[Records for this task Boundary: Start]

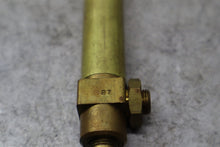 Load image into Gallery viewer, Clippard CS-1770 R7 Brass Flow Control Valve Used With Warranty
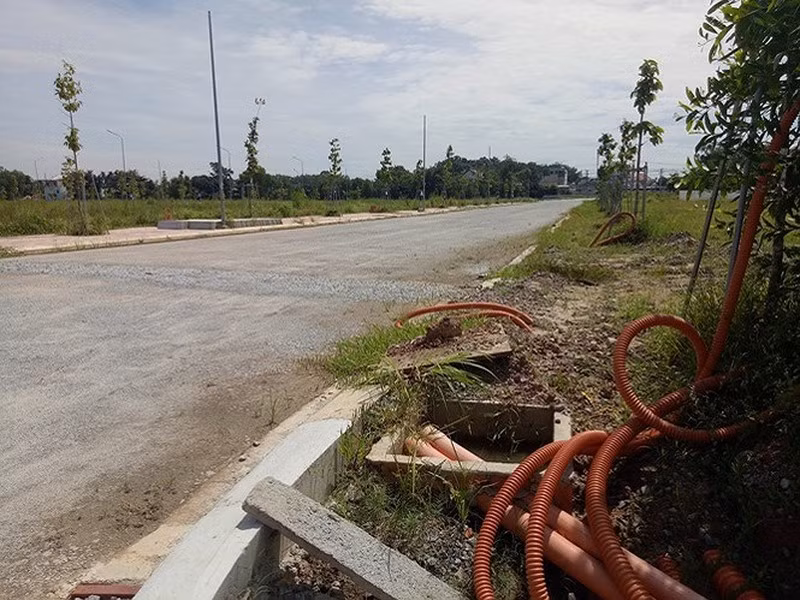 Phan lo ban nen hon 7.000m2 dat cong o Binh Duong: Cty Thuan Loi bat tay don vi nao?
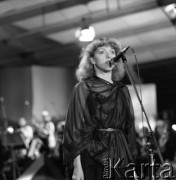 Czerwiec 1983, Zielona Góra, Polska.
XIX Festiwal Piosenki Radzieckiej. Na scenie jedna z uczestniczek konkursu. 
Fot. Romuald Broniarek, zbiory Ośrodka KARTA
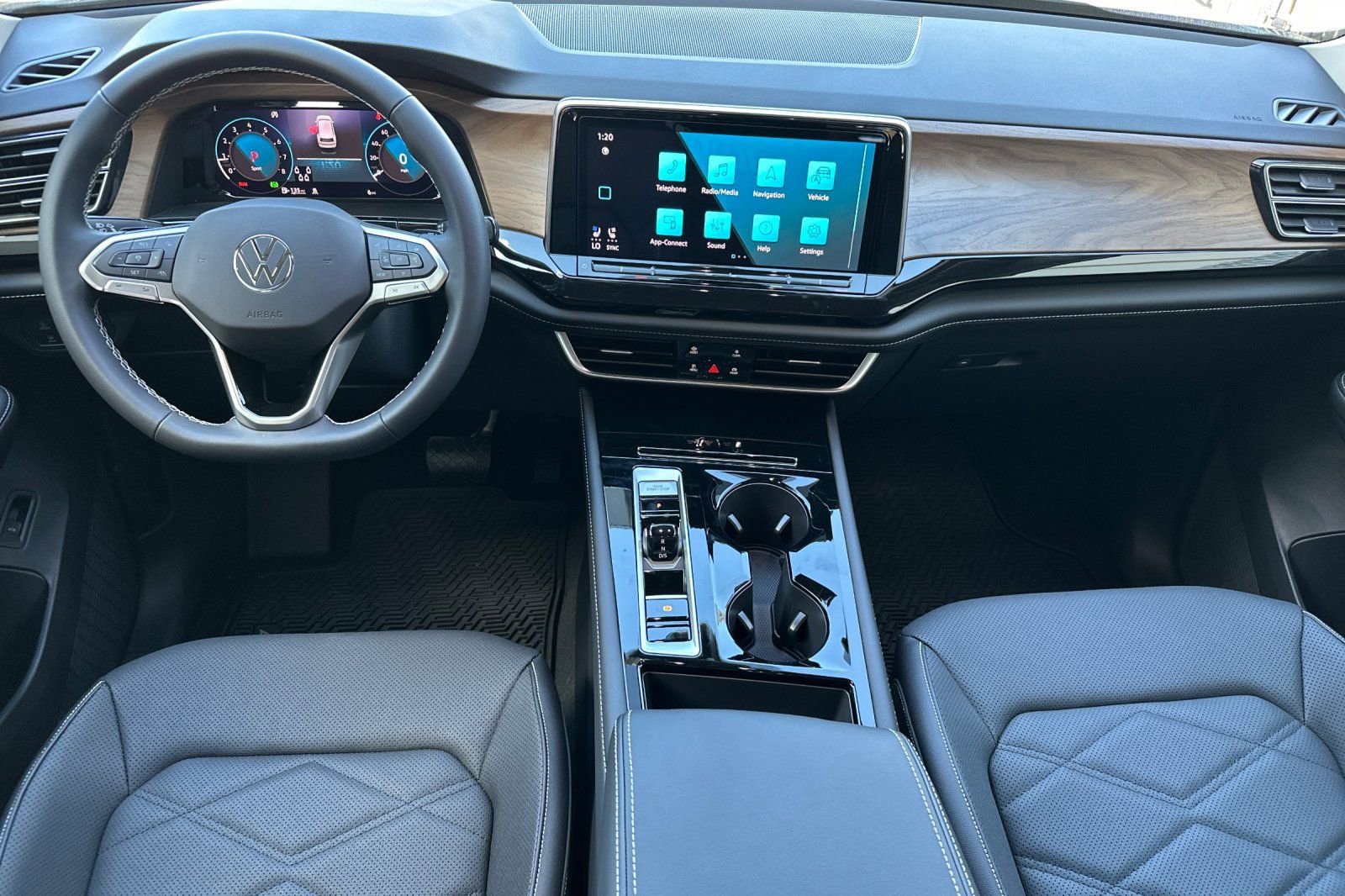 New 2026 Volkswagen Atlas SE image 12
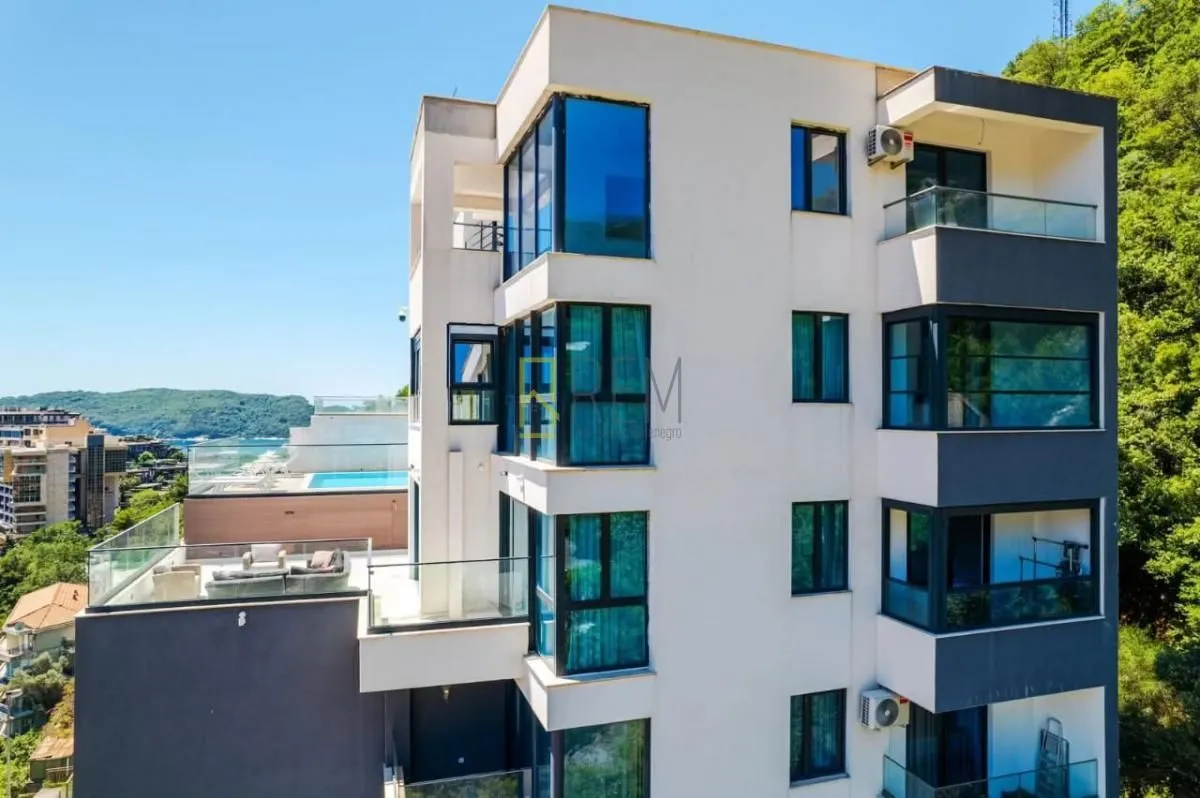 Sale, three bedroom apartment, 184m², Bečići, Budva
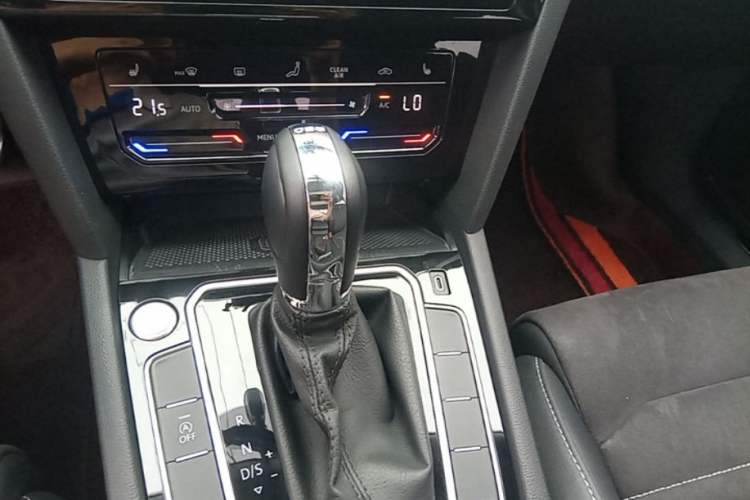 Used Volkswagen Magotan 2020 330TSI DSG Luxury Edition Gear Lever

[Records for this task Boundary: End]

Exercise objective
In the data above, the line containing "Fot. Romuald Broniarek, zbiory Ośrodka KARTA" and all lines after it are to be reproduced exactly, leaving out the pictures.

Solution to this problem
Fot. Romuald Broniarek, zbiory Ośrodka KARTA
 New 2026 Volkswagen Atlas SE image 12
 Sale, three bedroom apartment, 184m², Bečići, Budva
 Used Volkswagen Magotan 2020 330TSI DSG Luxury Edition Gear Lever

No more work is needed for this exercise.